## SOURCE MATERIAL
※
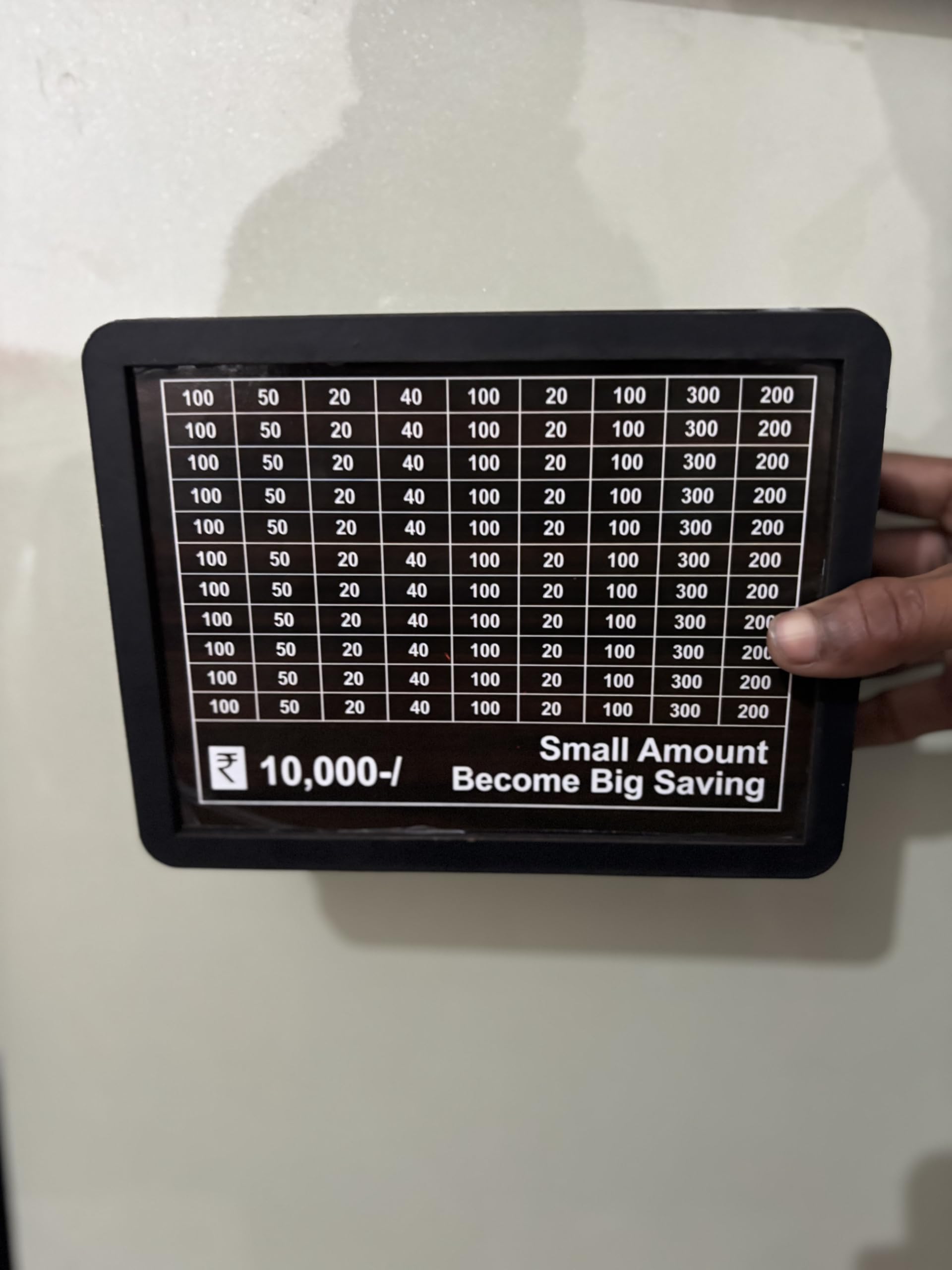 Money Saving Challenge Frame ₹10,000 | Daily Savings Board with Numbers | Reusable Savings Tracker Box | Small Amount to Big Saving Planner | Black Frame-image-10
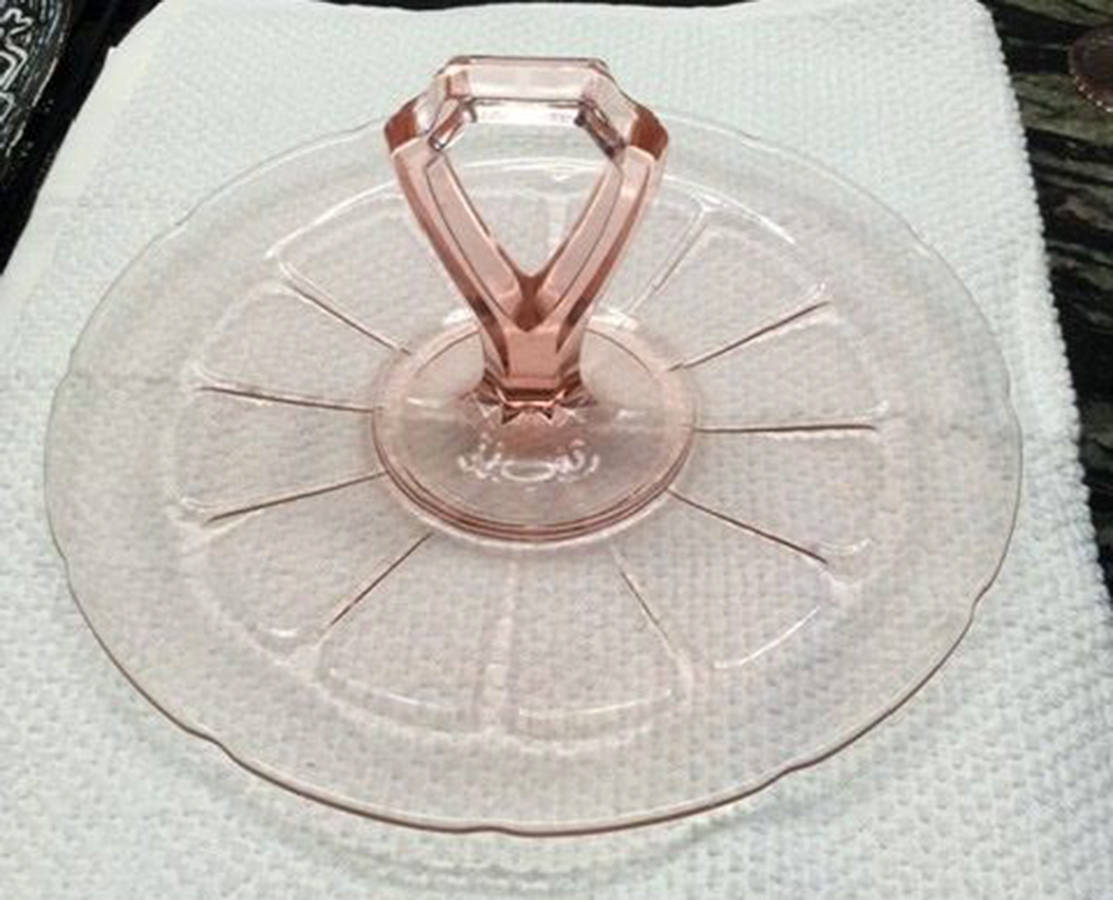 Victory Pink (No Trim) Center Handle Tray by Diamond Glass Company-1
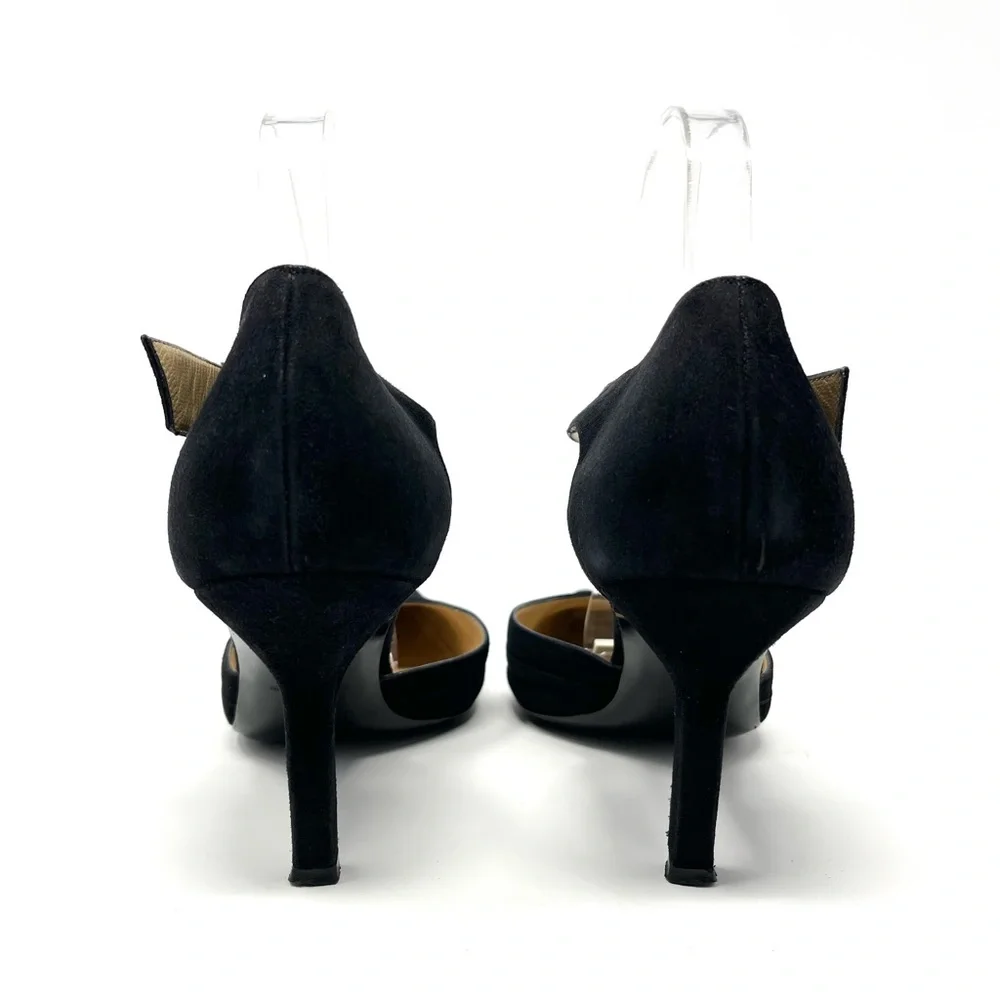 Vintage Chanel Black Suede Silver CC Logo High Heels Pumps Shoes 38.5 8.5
※
## TASK OBJECTIVE
Copy the line showing "Victory Pink (No" exactly, along with each line after it through the end of the material above. Pictures stay out.

## RESULT OF THIS TASK
 Victory Pink (No Trim) Center Handle Tray by Diamond Glass Company-1
 Vintage Chanel Black Suede Silver CC Logo High Heels Pumps Shoes 38.5 8.5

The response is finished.